SUPPLIED INFORMATION |
__________
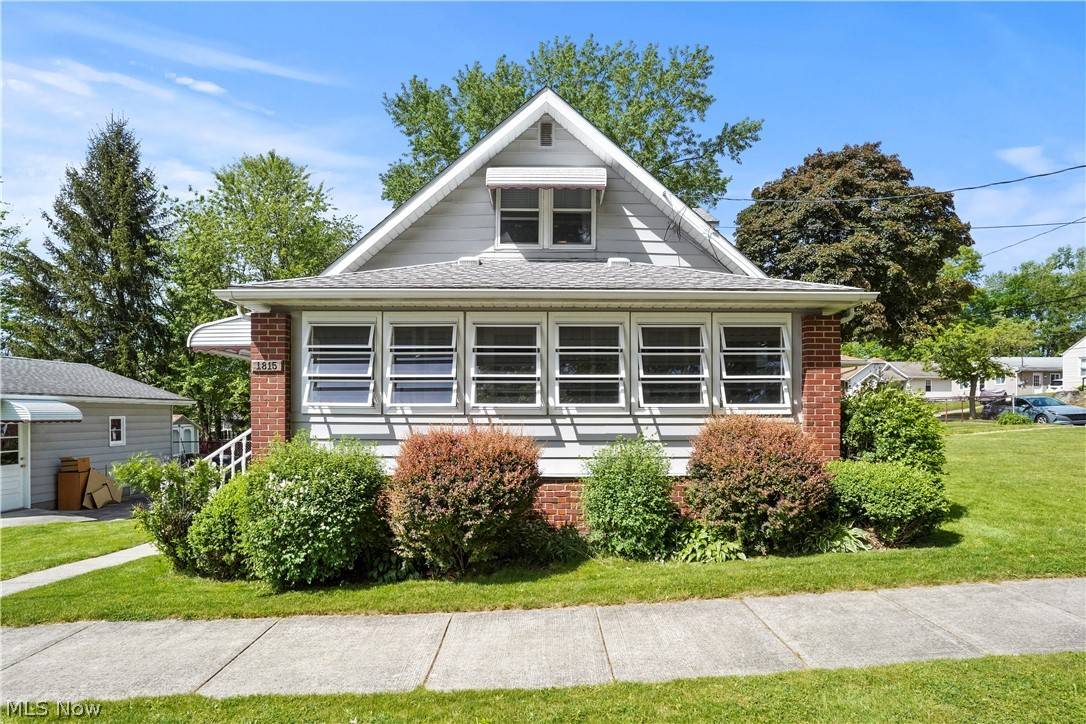 1815 Daniels AVE, Akron, OH 44312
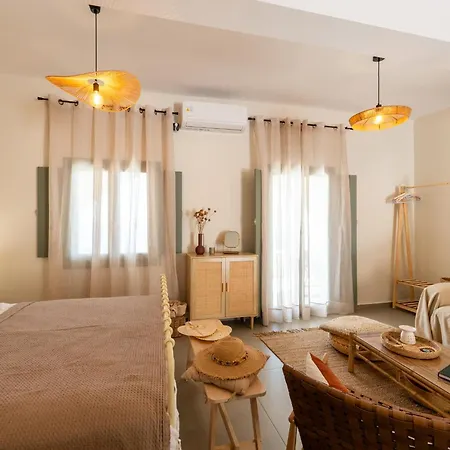 Latoma Mediterranean House * Álika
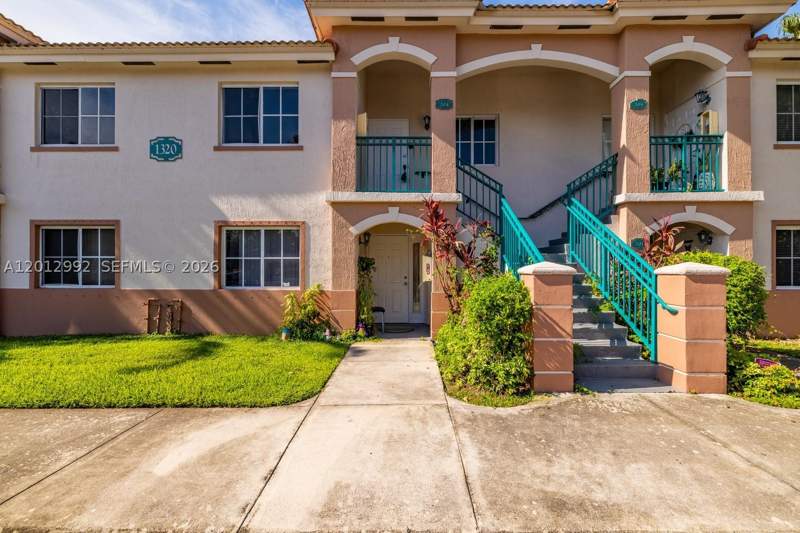 2 bedroom Condominium at 1320 SE 31st Ct 204-37, Venetia Gardens South Con, Homestead — photo 3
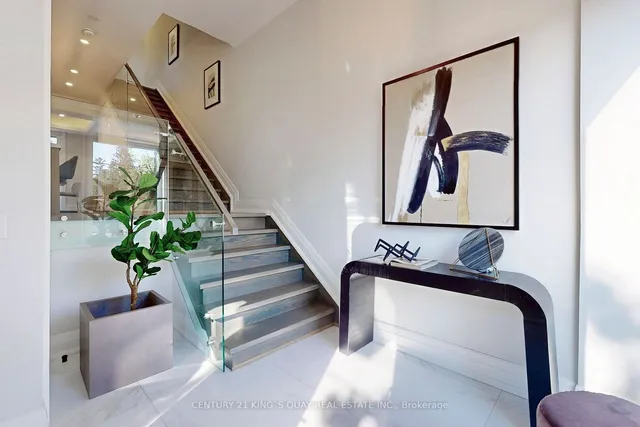 Additional image 13 of 3052 Bayview Ave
__________
The exact lines from the one containing "Latoma Mediterranean House * Álika" through the end of the data are to be copied, with both ends kept and pictures left out.

 Latoma Mediterranean House * Álika
 2 bedroom Condominium at 1320 SE 31st Ct 204-37, Venetia Gardens South Con, Homestead — photo 3
 Additional image 13 of 3052 Bayview Ave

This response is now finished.